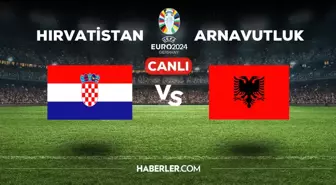 Hırvatistan Arnavutluk maçı CANLI izle! (EURO 2024) Hırvatistan Arnavutluk EURO 2024 maçını hangi kanal veriyor, şifresiz nereden izlenir?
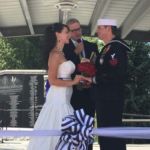 Wedding event at Orion Veterans Memorial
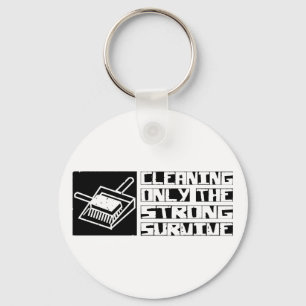 Cleaning Survive Key Ring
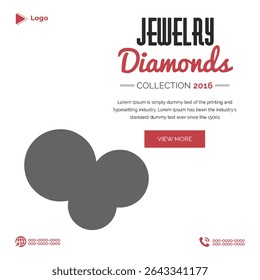 Brillanter abstrakter geometrischer 3D-Hintergrund mit Kristallblöcken, blauem Farbverlauf-Glanz, Luxus-Diamant-Design für Modekataloge, saubere Broschüren, Banner, Karten und moderne Cover-Konzepte

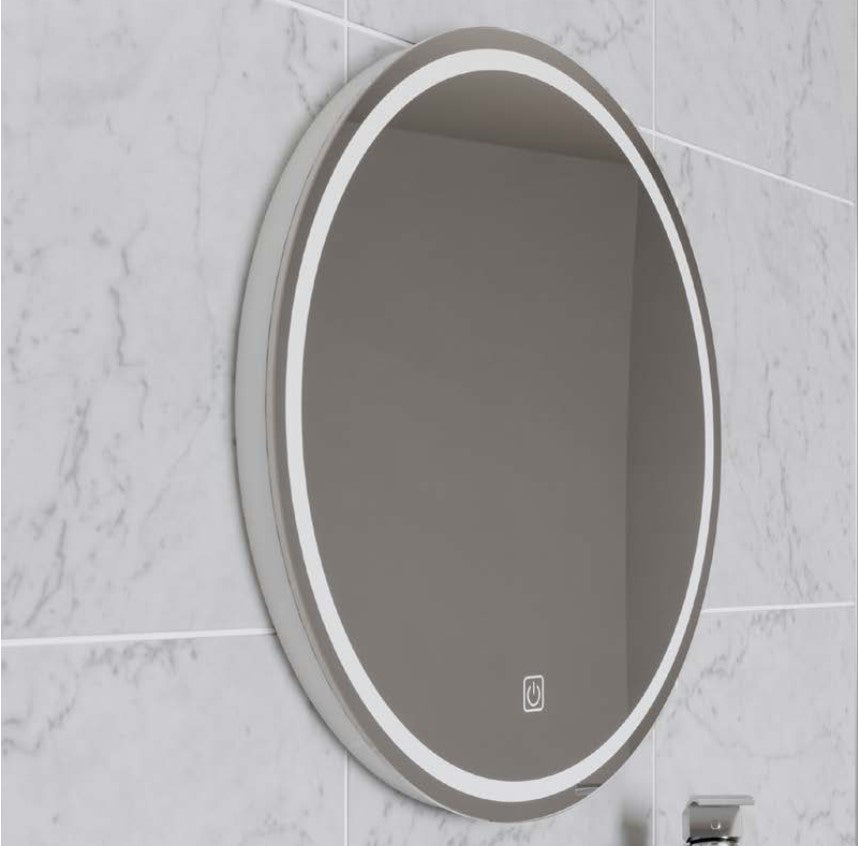 Kartell Vista 600mm Circular LED Mirror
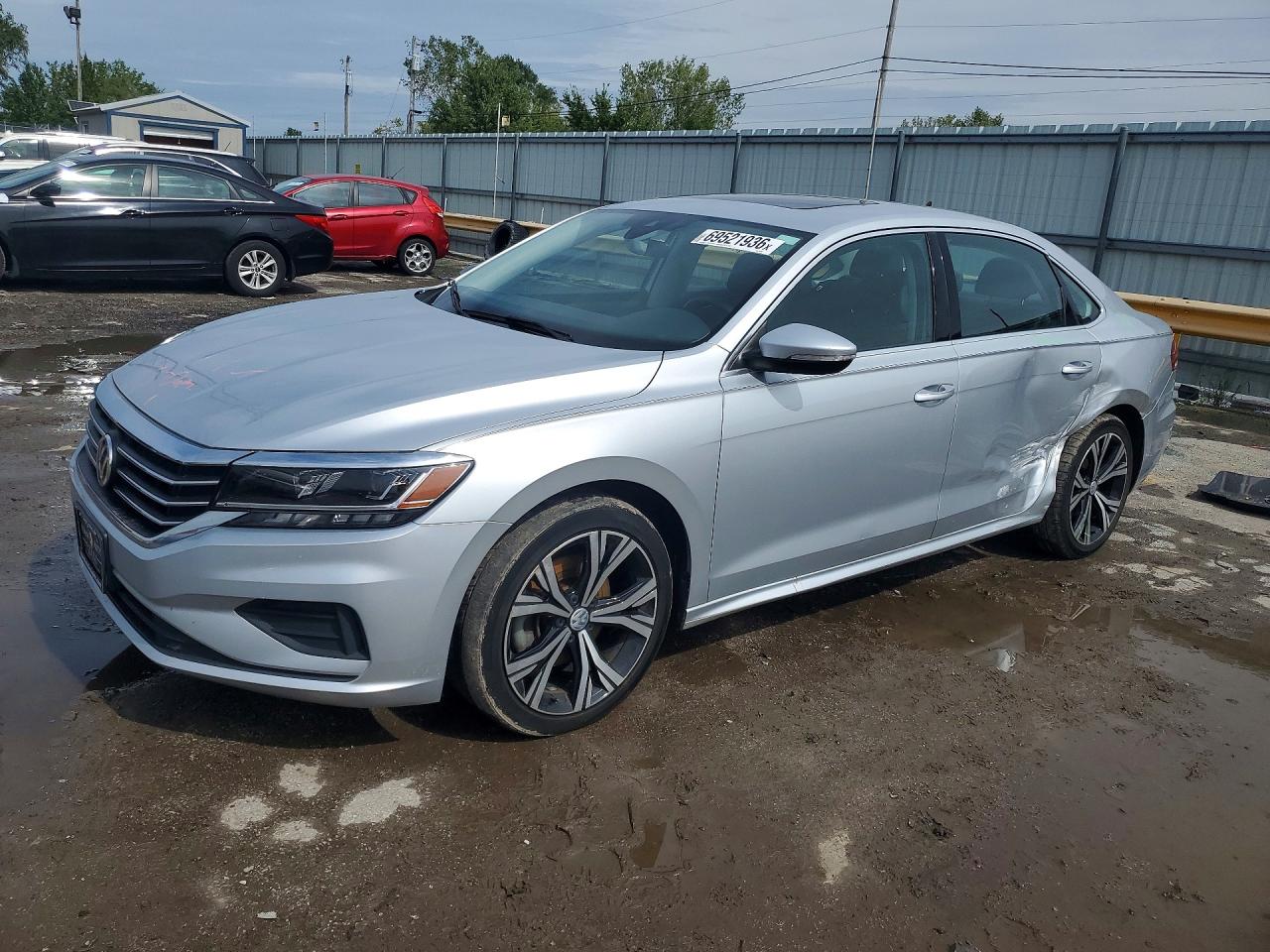 2021 VOLKSWAGEN PASSAT SE | 1VWSA7A32MC013650 | UPCARS
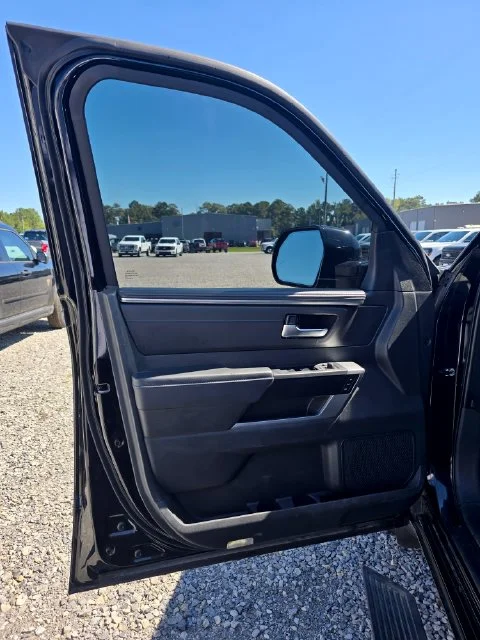 Used 2024 Black Toyota Platinum image 8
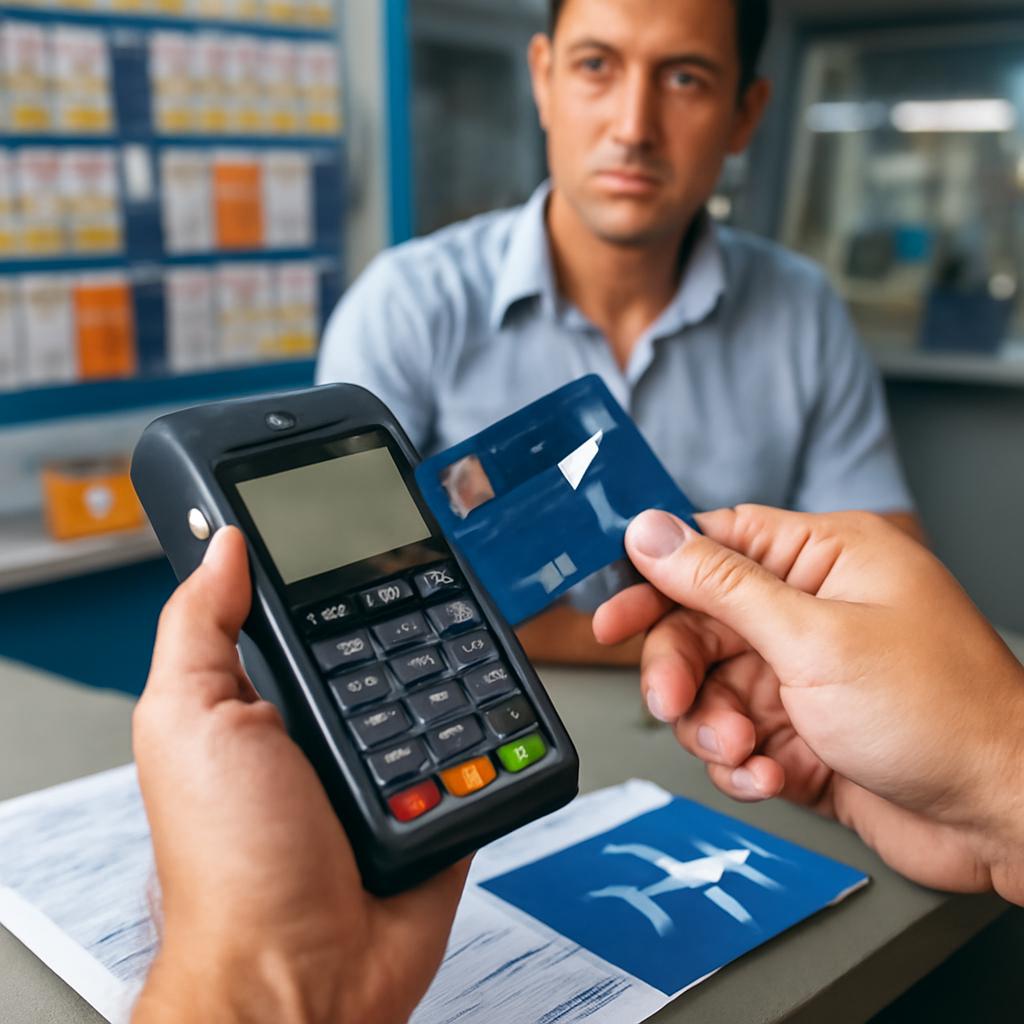 tem como pagar boleto na lotérica com cartão de crédito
+++++
| ASSIGNMENT |
The answer should contain only the lines from the start of the records above through the line with "Brillanter abstrakter geometrischer", copied exactly, and no pictures.

| EXERCISE RESULT |
 Hırvatistan Arnavutluk maçı CANLI izle! (EURO 2024) Hırvatistan Arnavutluk EURO 2024 maçını hangi kanal veriyor, şifresiz nereden izlenir?
 Wedding event at Orion Veterans Memorial
 Cleaning Survive Key Ring
 Brillanter abstrakter geometrischer 3D-Hintergrund mit Kristallblöcken, blauem Farbverlauf-Glanz, Luxus-Diamant-Design für Modekataloge, saubere Broschüren, Banner, Karten und moderne Cover-Konzepte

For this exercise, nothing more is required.